Every line in the listing below from the one with "She lifts a" through the one with "Retro Mid Century" is to be reproduced exactly, both ends included; leave out the rest.

__Records for this exercise__
::::
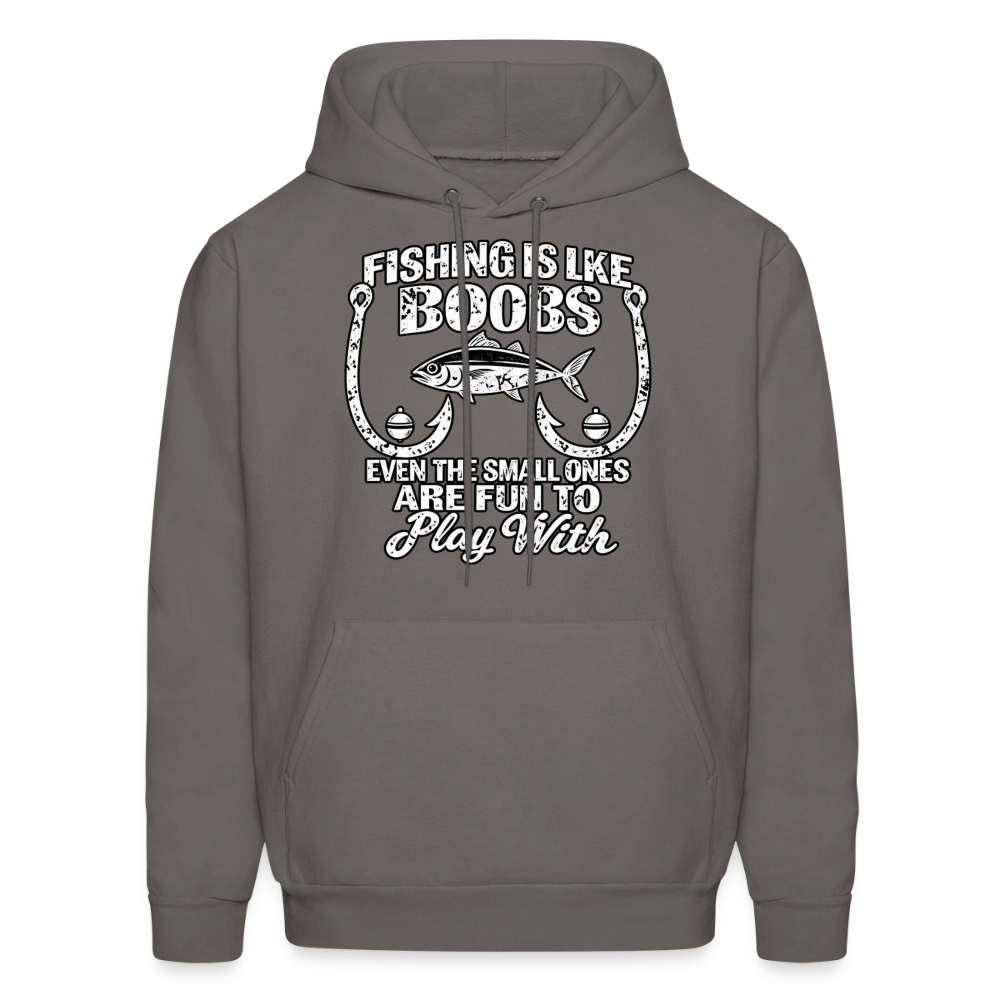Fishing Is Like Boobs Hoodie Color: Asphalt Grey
::::
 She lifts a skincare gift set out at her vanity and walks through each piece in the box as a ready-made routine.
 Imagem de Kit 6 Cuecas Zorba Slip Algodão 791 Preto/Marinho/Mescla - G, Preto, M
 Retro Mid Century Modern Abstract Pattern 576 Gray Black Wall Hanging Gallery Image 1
::::
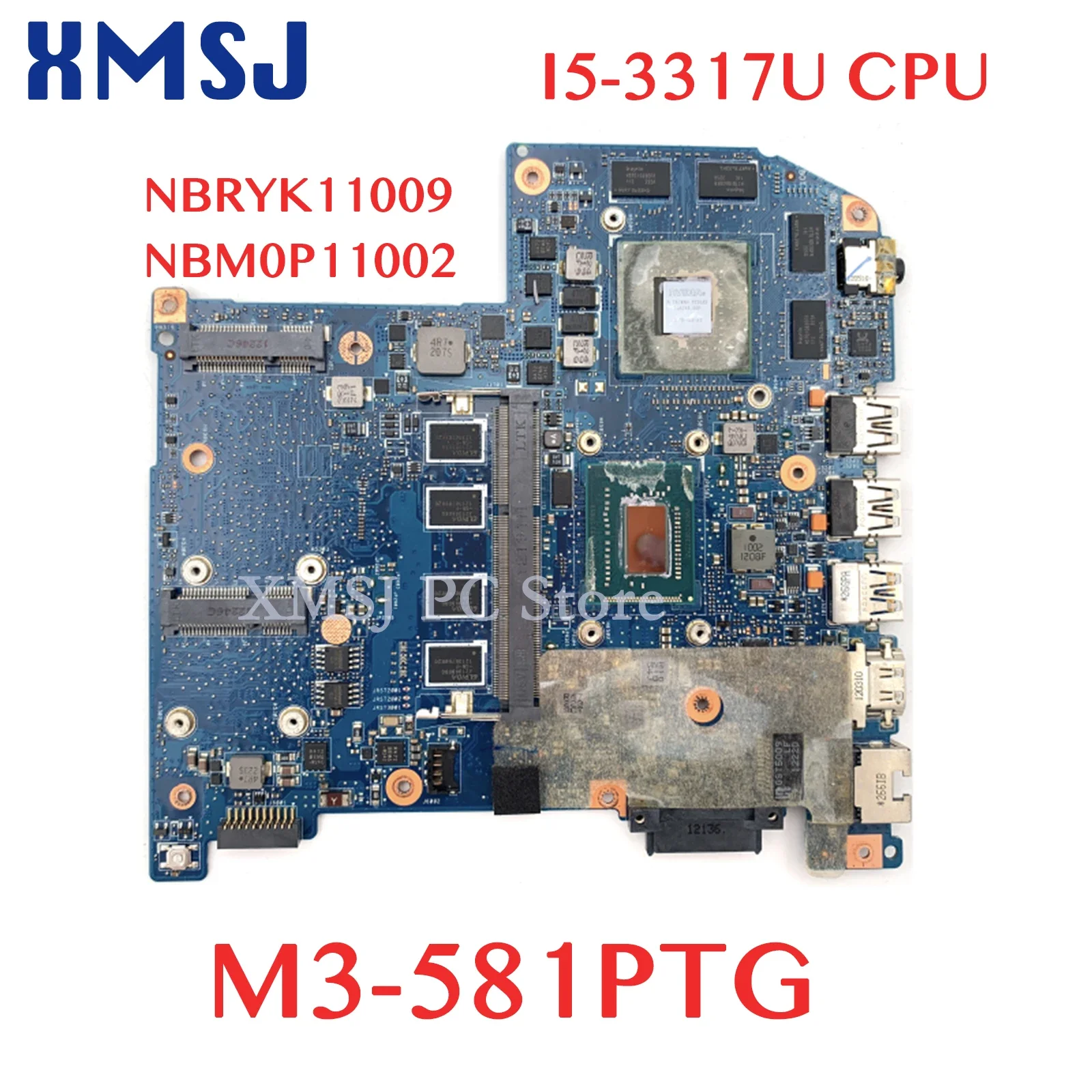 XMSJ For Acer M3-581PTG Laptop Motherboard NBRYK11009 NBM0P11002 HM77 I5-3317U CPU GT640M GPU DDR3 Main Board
::::
__Response to this exercise__
 She lifts a skincare gift set out at her vanity and walks through each piece in the box as a ready-made routine.
 Imagem de Kit 6 Cuecas Zorba Slip Algodão 791 Preto/Marinho/Mescla - G, Preto, M
 Retro Mid Century Modern Abstract Pattern 576 Gray Black Wall Hanging Gallery Image 1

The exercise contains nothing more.